Pilgrimage

I’ve spent most lunch hours over the last six months reading through the letters of N.C. Wyeth. The book itself is over three inches thick and, with my increasingly distracted and dissembling attention span, I thought it might be a resource volume to be dipped into at random and occasionally. But I have been enthralled and am enjoying reading each entry in order, living his life along with him and the family, and taking myself back to the early days of Chadds Ford, a place I know well.

We are members of the Brandywine River Museum and when I read that they were showing some of the early paintings that he did for the Philadelphia Sketch Society I was determined to go. The show closes tomorrow and inspite of our both being sick…again…we packed up our lozenges and water bottles and tissue boxes and trundled off to the Brandywine Valley yesterday.

I am only up to the winter of 1910 in the Wyeth letters and N.C. has just gone to NYC to meet  Canon Doyle ( love the synthesis there…re the last blog entry ) for whom he illustrated several stories. So too was the synthesis of being able to view paintings that he had worked on during this period while reading about the comings and goings of the young Wyeth family and the back country lives in the sleepy village of Chadds Ford.

Most of the compositions were landscapes which N.C. writes about wanting to focus on rather than the increasingly obligatory illustrations.
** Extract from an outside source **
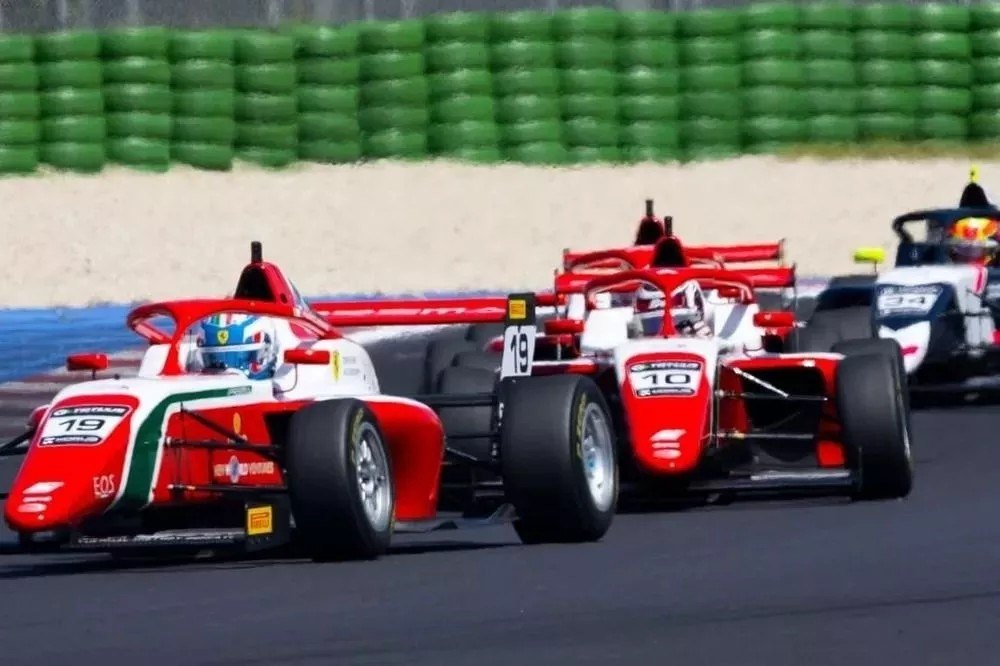 Prema Racing'in Formula 4 otomobilleri pistte yan yana ilerliyor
During these early years he’s been bemoaning the desire to paint “true” artistic works for himself but also for his mother who seems to keep harping on him to paint “nicer” subjects which I read as quaint and peaceful rather than swashbuckling and verile.

And so he did with the pastoral impressionistic scenes of the orchards outside his studio and the almost pointalistic plein air studies. Very far removed from his bold narrative work with it’s heavy but confident brushwork. The contrast fades to misty sun dappled haze and the edges blur away from realism into a dreamy wash. Which does echo the struggles he describes in the letters of this period wherein the pages drip of angst as he searches to define the emotionally charged connection he has with the natural world around him.
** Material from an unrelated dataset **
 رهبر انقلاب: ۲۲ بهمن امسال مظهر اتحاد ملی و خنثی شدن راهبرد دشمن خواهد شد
But then I digress and descend into the world of the critics and I don’t have the bonafides to pretend to that ilk.

The exhibition was an interesting diversion and I’m looking forward to diving back into his narrative over my salad today.

There were two other treats on our visit…lunch at the Simon Pearce Factory where we enjoyed the plumage of the Red Hat Society Octogenerians…

and the Shanks Antiques Barn in Oxford, PA. Our friend Tom Gilbert told us about this place and it was amazing. We were short on time so we concentrated on the basement which stored the largest collection of old hardware I have ever seen. Wicked cool…

You need it Bill’s got it…including the proverbial kitchen sink !

I highly recommend a visit …I know we’ll be back.

For now it’s the last push to get this Menemsha painting done and then on to some smaller pieces… tick tick tick.